Journalism broads

Jill Abramson reviews a new collection of journalism by women.

Published January 9, 2006 3:22PM (EST)

The New York Times Book Review on Sunday included a review by Times managing editor Jill Abramson of "Journalistas: 100 Years of the Best Writing and Reporting by Women Journalists." In it, Abramson admits to being wary of the volume. "I hated the title and still do," she writes. "It sounds silly and is redolent of all sorts of dopey words for female journalists, including one of my least favorites, editrix." Abramson, not a fan of anthologies, was also leery about grouping women's writings together: "Would this 'greatest of' collection, limited to women, match up when read against the work of such lions as Joseph Mitchell or A.J. Liebling? ... I have never been fully persuaded that women do really speak and write in an entirely different voice from men, so the idea of segregating them in a book did not thrill me."

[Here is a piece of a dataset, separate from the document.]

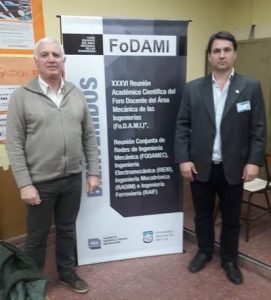 fodami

And yet, the collection, which includes work by Nellie Bly, Emma Goldman, Barbara Ehrenreich, Joan Didion, Susan Sontag, Mary MaCarthy, Rebecca West, Pauline Kael and Zelda Fitzgerald, seems to have blown Abramson away. Among the pieces she singles out are Martha Gellhorn's "utterly chilling account of Dachau in the earliest days of the liberation in 1945," a 1930s Vogue piece by Maddy Vegtel about becoming a mother for the first time at 40, and a 1996 profile of the Clinton marriage by Erica Jong for the Nation that "should be required reading for anyone evaluating whether Hillary is presidential timber."

Citing Carol Gilligan's assertion about a female ability to recognize intricacy, Abramson writes that "most of the writers in 'Journalistas' do have a special eye for intricacies, but they are also full of brave judgments and passion for political life in all its dimensions."